コレクションの中身を書き換えたい場合はpar_iter_mut()が使えます。

use rayon::prelude::*;

fn main() {
    let mut values: Vec<f64> = (1..=10).map(|x| x as f64).collect();

    // 各要素を平方根に更新する
    values.par_iter_mut().for_each(|x| {
        *x = x.sqrt();
    });

    println!("{:?}", values);
}

for_eachと組み合わせることで、各要素への副作用のある操作も簡単に並列化できます。

par_sort()で並列ソート

Rayonはソートも並列化できます。

use rayon::prelude::*;

fn main() {
    let mut data: Vec<i32> = (0..1_000_000).rev().collect();

    // 並列ソート
    data.par_sort();

    println!("先頭: {:?}", &data[..5]);
    println!("末尾: {:?}", &data[data.len()-5..]);
}

標準のsort()と同じインターフェースで並列ソートが実現できます。大量データの整列が必要な場面で効果的です。

パフォーマンス比較の例

実際にどれくらい差が出るか、計算量の多いタスクで確認してみましょう。

use rayon::prelude::*;
use std::time::Instant;

fn heavy_calc(n: u64) -> u64 {
    // 素数判定(重い処理の代わり)
    if n < 2 {
        return 0;
    }
    for i in 2..=(n as f64).sqrt() as u64 {
        if n % i == 0 {
            return 0;
        }
    }
    1
}

fn main() {
    let data: Vec<u64> = (2..=100_000).collect();

    // シングルスレッド
    let start = Instant::now();
    let single: u64 = data.iter().map(|&x| heavy_calc(x)).sum();
    println!("シングル: {}ms, 素数の数: {}", start.elapsed().as_millis(), single);

    // マルチスレッド(Rayon)
    let start = Instant::now();
    let parallel: u64 = data.par_iter().map(|&x| heavy_calc(*x)).sum();
    println!("並列:     {}ms, 素数の数: {}", start.elapsed().as_millis(), parallel);
}

実行環境によって差は異なりますが、CPUコアが多い環境ほど並列版が大幅に高速になります。

注意点とベストプラクティス

オーバーヘッドに注意

要素数が少ない場合はスレッドを立ち上げるオーバーヘッドが大きく、並列版のほうが遅くなることもあります。目安として数万件以上の大量データ1件あたりの処理が重いタスクに向いています。

スレッドセーフな型を使う

Rayonは内部でスレッドプールを管理しています。クロージャ内でキャプチャする変数はSendトレイトを実装している必要があります。RcCellなどスレッドセーフでない型は使えないため、共有が必要な場合はArcMutexを使いましょう。

スレッドプールのカスタマイズ

デフォルトではCPUコア数に合わせてスレッドが起動しますが、スレッド数を変更したい場合は以下のように設定できます。

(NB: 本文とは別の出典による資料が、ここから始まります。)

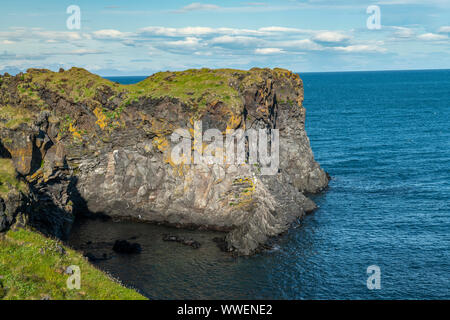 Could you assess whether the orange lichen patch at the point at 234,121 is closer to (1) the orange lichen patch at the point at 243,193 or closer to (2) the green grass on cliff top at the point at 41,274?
(1) the orange lichen patch at the point at 243,193

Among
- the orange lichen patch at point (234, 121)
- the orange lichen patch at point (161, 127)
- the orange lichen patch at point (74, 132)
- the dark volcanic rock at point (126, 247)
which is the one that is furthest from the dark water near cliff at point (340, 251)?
the orange lichen patch at point (234, 121)

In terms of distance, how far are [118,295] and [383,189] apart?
222 ft

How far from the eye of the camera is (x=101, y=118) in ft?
231

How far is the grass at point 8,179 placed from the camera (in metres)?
28.9

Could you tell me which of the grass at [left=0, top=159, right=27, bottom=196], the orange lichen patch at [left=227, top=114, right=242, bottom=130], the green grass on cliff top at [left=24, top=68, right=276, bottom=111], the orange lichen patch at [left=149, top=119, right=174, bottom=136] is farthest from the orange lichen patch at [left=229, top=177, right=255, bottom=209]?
the grass at [left=0, top=159, right=27, bottom=196]

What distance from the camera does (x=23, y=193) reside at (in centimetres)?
3017

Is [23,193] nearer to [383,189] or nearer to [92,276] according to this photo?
[92,276]

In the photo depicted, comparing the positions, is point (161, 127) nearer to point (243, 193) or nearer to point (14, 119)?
point (243, 193)

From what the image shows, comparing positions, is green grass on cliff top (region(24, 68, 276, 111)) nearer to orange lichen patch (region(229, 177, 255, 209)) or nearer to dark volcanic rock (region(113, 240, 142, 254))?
orange lichen patch (region(229, 177, 255, 209))

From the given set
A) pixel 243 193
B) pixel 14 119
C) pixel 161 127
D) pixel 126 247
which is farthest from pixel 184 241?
pixel 14 119

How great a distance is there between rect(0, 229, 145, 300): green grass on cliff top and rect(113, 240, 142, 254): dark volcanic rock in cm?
2836

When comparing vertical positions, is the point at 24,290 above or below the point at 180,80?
below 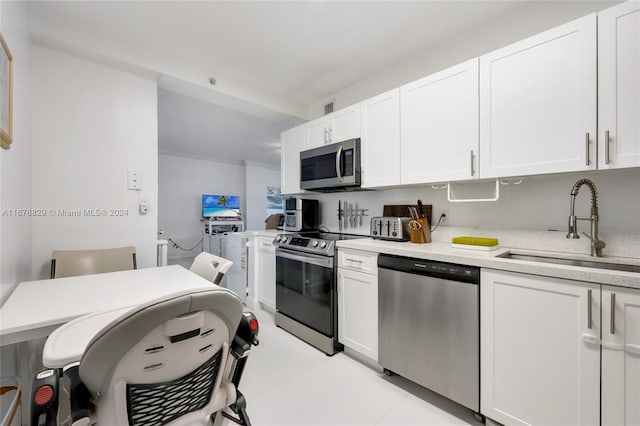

rayon::ThreadPoolBuilder::new()
    .num_threads(4)
    .build_global()
    .unwrap();

まとめ

Rayonを使うと、.iter().par_iter()に変えるだけで手軽にデータ並列処理を実現できます。

操作通常Rayon
イテレートiter()par_iter()
可変イテレートiter_mut()par_iter_mut()
ソートsort()par_sort()

スレッド管理を意識せず並列処理を書けるRayonは、パフォーマンスが求められるRustアプリケーションの強い味方です。ぜひ大量データを扱う処理に取り入れてみてください。